Dataset items
= = = = =
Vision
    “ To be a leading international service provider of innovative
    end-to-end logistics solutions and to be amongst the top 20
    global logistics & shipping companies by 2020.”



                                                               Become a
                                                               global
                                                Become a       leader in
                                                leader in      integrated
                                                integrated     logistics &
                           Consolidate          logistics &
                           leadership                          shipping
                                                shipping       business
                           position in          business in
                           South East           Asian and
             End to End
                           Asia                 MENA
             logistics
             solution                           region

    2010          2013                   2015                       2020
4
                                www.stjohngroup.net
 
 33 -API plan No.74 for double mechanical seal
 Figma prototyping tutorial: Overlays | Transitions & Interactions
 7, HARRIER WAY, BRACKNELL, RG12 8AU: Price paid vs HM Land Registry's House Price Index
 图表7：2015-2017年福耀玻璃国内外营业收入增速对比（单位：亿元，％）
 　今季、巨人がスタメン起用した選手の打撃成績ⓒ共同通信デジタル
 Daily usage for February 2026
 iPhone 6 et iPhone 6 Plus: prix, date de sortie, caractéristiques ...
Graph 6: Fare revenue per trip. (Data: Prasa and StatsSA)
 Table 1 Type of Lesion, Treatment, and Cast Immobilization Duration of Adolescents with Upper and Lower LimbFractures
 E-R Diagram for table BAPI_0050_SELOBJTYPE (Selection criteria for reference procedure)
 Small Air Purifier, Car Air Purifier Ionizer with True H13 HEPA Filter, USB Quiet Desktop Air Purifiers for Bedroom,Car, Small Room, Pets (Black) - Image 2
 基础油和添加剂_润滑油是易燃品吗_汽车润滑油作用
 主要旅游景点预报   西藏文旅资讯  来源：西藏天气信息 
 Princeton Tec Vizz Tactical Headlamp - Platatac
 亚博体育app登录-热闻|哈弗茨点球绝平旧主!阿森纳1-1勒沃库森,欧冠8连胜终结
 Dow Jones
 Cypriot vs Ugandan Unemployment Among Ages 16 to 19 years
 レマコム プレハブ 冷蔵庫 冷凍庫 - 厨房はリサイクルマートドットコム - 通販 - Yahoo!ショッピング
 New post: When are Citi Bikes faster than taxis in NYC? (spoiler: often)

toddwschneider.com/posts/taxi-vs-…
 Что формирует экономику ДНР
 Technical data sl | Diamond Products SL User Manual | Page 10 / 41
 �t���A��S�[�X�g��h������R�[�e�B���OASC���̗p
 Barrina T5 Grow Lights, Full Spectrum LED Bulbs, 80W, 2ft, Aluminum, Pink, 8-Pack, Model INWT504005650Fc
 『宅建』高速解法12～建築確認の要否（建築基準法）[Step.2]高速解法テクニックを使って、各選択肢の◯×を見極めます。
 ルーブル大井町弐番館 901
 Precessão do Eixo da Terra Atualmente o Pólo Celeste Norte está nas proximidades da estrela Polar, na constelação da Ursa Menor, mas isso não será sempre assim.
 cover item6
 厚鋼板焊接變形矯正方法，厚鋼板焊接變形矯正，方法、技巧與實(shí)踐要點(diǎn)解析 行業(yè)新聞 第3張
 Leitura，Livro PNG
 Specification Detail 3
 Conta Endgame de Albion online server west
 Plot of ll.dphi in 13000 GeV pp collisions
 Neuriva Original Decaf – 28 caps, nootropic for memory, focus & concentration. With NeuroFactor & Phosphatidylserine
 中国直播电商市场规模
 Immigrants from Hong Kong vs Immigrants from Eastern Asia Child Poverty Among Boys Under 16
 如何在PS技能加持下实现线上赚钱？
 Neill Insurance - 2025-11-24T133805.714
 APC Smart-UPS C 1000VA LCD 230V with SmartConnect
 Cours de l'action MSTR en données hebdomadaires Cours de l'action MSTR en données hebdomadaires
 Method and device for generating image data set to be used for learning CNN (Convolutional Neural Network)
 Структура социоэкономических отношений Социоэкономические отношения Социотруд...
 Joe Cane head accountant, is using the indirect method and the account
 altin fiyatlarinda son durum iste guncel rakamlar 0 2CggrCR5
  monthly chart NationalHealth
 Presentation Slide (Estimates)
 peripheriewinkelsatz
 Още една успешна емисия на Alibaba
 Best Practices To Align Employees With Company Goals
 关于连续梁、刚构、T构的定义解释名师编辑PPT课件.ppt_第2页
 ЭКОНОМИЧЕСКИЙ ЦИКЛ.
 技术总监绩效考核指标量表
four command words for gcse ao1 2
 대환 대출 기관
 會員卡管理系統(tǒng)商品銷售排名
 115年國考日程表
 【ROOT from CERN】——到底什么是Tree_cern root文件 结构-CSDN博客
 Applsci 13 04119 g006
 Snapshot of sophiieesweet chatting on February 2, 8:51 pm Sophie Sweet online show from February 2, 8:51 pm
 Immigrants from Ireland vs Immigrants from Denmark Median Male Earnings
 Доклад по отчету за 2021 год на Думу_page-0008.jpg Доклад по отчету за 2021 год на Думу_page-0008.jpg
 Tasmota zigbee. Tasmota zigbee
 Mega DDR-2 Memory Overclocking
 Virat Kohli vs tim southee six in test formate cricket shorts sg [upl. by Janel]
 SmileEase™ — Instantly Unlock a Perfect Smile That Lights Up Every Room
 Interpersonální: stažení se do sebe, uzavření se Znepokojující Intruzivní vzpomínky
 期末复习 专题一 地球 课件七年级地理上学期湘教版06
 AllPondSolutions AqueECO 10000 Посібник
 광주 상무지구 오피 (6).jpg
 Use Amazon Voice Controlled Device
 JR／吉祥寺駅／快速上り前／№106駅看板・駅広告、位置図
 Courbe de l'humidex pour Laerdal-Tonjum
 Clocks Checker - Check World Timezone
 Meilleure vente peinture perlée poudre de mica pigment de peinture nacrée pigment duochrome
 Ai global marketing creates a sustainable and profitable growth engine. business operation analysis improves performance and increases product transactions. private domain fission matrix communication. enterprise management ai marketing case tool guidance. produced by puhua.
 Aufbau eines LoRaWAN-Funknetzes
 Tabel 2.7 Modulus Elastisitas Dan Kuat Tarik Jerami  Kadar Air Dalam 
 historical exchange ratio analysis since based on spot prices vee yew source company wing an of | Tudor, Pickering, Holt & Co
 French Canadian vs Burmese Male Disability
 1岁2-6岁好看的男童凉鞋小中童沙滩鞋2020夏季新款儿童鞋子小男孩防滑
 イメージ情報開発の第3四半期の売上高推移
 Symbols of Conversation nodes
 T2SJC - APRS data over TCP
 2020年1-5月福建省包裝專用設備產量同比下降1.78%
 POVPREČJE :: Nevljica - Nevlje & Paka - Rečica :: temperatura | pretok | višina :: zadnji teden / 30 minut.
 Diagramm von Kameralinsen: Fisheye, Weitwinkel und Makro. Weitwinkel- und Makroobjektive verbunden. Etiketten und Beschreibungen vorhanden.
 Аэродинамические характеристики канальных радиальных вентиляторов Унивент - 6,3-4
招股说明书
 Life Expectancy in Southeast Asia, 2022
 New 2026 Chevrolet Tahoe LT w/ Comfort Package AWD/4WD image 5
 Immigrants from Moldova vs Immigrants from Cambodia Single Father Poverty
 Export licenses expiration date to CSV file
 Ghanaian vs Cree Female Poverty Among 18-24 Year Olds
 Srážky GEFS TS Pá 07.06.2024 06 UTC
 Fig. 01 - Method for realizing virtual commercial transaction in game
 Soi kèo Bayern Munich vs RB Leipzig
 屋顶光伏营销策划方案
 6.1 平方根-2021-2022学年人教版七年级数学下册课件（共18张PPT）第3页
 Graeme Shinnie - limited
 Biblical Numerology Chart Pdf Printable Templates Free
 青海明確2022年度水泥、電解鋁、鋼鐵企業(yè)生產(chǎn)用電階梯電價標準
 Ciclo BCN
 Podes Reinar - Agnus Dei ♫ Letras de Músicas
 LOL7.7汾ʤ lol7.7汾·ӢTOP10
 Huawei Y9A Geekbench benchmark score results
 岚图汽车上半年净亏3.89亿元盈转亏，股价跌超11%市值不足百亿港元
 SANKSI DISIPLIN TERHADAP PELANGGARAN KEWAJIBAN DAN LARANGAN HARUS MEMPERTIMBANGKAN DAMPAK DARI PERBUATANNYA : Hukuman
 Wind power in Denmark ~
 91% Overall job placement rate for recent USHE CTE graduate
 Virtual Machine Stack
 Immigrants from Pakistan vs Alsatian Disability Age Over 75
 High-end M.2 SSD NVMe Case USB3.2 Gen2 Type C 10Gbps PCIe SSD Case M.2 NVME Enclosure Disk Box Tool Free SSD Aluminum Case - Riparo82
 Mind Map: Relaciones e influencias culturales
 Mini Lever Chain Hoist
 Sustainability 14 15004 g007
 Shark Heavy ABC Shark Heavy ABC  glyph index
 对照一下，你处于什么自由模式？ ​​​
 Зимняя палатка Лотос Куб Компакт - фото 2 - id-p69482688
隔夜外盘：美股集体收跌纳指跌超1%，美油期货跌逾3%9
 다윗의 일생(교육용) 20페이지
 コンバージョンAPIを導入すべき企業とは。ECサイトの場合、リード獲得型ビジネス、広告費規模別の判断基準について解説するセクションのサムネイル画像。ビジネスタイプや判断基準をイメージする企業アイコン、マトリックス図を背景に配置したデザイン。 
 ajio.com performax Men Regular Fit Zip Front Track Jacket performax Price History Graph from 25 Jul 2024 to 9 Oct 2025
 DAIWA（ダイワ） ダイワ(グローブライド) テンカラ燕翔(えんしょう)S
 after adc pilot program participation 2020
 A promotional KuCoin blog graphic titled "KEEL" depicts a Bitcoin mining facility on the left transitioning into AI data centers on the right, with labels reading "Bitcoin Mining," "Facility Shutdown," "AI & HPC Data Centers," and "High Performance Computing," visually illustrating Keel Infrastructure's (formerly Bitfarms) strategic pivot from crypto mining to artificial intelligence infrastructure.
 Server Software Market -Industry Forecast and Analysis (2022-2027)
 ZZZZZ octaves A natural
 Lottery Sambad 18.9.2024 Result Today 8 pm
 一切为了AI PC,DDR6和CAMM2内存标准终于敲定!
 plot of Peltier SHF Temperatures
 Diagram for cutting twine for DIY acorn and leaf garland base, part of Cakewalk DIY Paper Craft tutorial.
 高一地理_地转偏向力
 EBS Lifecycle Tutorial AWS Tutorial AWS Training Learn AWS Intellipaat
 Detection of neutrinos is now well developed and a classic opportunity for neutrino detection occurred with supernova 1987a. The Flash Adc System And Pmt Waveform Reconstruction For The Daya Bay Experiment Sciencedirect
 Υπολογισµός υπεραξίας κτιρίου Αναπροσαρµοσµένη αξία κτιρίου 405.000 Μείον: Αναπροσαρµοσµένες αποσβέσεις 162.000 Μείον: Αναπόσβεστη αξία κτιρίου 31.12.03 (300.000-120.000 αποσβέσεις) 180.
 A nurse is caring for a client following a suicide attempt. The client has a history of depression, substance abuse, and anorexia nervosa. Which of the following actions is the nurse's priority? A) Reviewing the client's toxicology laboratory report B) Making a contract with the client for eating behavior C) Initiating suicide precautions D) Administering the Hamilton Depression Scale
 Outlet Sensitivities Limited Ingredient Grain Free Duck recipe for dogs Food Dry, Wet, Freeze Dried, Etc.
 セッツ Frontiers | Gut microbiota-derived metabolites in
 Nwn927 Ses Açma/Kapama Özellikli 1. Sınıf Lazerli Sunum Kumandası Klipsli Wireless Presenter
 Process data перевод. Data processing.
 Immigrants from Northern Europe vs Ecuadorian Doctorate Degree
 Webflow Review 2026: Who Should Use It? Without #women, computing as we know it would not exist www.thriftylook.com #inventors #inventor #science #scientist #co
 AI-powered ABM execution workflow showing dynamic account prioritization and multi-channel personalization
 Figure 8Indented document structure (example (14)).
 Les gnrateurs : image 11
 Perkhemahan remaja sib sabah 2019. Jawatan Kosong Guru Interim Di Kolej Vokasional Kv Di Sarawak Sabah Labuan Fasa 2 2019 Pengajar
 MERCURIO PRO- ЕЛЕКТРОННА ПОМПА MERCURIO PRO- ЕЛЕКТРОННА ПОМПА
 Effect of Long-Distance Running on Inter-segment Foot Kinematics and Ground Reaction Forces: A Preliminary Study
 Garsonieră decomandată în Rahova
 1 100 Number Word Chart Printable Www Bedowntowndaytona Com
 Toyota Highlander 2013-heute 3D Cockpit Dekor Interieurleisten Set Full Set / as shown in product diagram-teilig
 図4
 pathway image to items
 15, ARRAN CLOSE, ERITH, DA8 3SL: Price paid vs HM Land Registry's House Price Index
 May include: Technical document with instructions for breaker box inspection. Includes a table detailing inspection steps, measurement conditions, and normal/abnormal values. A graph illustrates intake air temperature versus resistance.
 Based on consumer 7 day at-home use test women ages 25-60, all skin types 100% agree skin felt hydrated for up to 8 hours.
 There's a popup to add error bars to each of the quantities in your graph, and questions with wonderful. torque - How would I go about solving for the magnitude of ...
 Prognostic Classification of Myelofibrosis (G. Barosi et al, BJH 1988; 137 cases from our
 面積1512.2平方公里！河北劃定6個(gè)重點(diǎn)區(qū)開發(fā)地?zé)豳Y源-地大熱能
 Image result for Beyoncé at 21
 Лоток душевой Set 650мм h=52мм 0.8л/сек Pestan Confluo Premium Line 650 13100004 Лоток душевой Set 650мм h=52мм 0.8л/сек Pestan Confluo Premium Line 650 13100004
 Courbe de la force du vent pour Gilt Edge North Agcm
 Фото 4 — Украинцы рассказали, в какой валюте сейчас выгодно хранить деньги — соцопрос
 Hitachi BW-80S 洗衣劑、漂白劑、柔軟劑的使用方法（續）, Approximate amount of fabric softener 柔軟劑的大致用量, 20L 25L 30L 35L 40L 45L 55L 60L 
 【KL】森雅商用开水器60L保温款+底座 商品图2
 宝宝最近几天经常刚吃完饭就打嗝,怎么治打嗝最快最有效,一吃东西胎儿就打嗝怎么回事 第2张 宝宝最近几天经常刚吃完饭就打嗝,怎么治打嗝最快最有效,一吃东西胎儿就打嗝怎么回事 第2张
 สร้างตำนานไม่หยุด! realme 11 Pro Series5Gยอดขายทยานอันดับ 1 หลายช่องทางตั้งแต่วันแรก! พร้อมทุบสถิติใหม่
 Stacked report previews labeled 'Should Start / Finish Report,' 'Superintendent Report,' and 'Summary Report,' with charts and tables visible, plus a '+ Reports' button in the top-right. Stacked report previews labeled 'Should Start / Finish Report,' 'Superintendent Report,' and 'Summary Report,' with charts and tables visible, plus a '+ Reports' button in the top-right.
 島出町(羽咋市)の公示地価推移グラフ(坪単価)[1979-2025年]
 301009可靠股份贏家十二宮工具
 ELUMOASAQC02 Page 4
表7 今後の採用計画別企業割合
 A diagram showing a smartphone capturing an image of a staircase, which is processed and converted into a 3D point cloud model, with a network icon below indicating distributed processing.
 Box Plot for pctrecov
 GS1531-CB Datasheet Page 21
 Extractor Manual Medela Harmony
= = = = =
DIRECTIONS: In the data above, how many lines contain the word "Courbe"? Only the number is wanted.

OUTPUT OF THE TASK: 2